In the afternoon Lola and I were talking as we walked to the car after school, and I distracted her.  She turned her head to speak to me and hit her temple hard on a large metal box projecting from a pole exactly at the level of her head.  I could hear the audible thwack of her skull hitting the box.  Lola was speechless with pain, and I felt sure I was to blame for this by not seeing the box and warning her in time.  The pain was horrific, and it was such a random accident.  We have parked in that same spot and walked past that pole innumerable times over the last five years.

As Lola uncomplainingly cried from the pain in the backseat, I started the car and turned the corner, trying to console her.  Around that corner, on the same block where Lola had hurt her head, a police car was double parked with its lights flashing.  I slowed way down, and in a flash I saw what the police car was protecting:  a coroner's van, and then a body -- an actual corpse, covered with a white sheet but unmistakable -- being loaded into that van, and I heard the horrible sound of someone crying in true hysteria, screaming and crying.  Lola and I were both shocked into silence.

This  set of three random awful things all happened on the same city block during one particular day.  I could find the car accident fascinating in the absence of anyone being hurt, but the horror of the body and the awful crying had no beauty.   It felt like it could have been our tragedy, but it wasn't.  We were only passing through.

Wednesday, October 16, 2013


The children refuse to accept that our cats' given genders.  "All cats are gender-ambiguous," opined one.  They always disagree with me about what gender any given cat is.

We were discussing this and squabbling over what gender our little cat Zorro is when Lola expounded upon her perceptions of our big cat, Coconut. "I always thought he was a girl and then one day I looked, and suddenly he was a boy!"

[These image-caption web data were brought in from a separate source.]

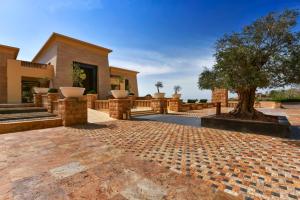 une terrasse en briques avec un arbre en face d'un bâtiment dans l'établissement Kempinski Hotel Ishtar Dead Sea, à Sowayma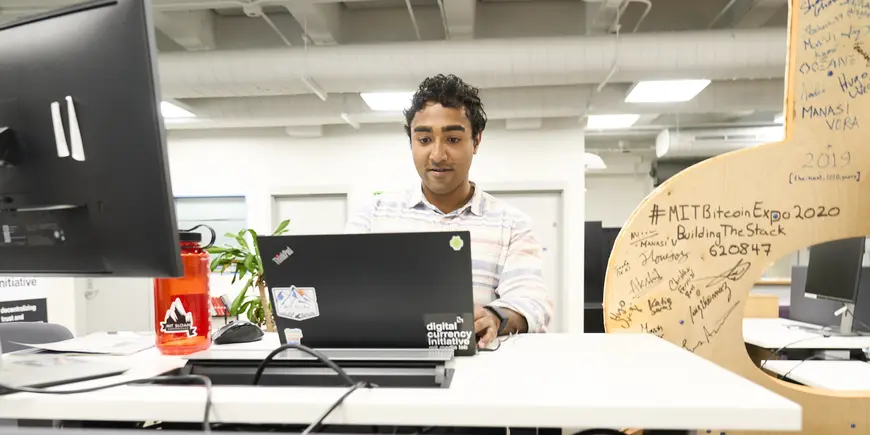 Nikhil sitting behind his laptop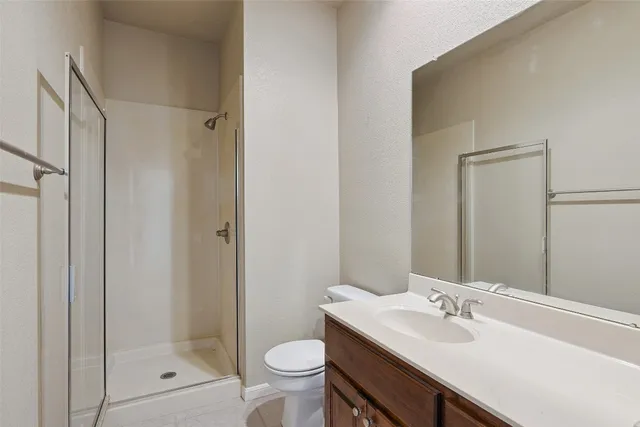 a bathroom with a sink toilet a mirror and shower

Iris and I found this amusing to no end.  We spent the following couple of hours "suddenly" looking at things.  "Suddenly I looked, and you were children," I said.  "Suddenly you looked, and your mother was middle-aged."

Tuesday, October 15, 2013

what we have learned

Recently I asked the children what they had learned from me.  They drew a complete blank for some time.  Then Iris had an inspiration.  "The difference between champagne and sparkling wine!  Champagne is from Champagne, and everything else is sparkling wine."

I felt a bit taken aback.  Surely I had given them so much more.  Even if we were to limit ourselves to this bit of knowledge, where were cava and prosecco?  I decided to make the best of it and asked cautiously, "And how do you tell how good it is?"

"By the size of the bubbles," answered my non-drinking minor child triumphantly.  At least I have imparted something useful, I consoled myself.  They won't be drinking AndrĂ© on my watch, I thought.

Thursday, October 03, 2013

the stereotypes are so wrong

In our culture, the crazy cat lady is viewed as living frugally. She and her many cats live off a shared diet of cat food in a small apartment quite cozily (but undoubtedly with the heat on a low setting).

It's all wrong.  Today I took our most majestic animal, Frowst, to a vet, where I paid $666 (not kidding) and took home an estimate for an additional fee of $1,800.  Being a crazy cat lady is a luxury lifestyle.

Wednesday, October 02, 2013

the queen of TMI on Facebook

At Burning Man this year I fell into conversation with a stranger as we had morning cocktails in the deep desert, where you can ride your bike far out to see some large installations.  The conversation somehow drifted to the point where I confided, "I'm the queen of TMI on Facebook."

My new acquaintance did a double take and said, "You're the Drunken Housewife!"

I was so surprised by this that it was a wonder I didn't spill my drink.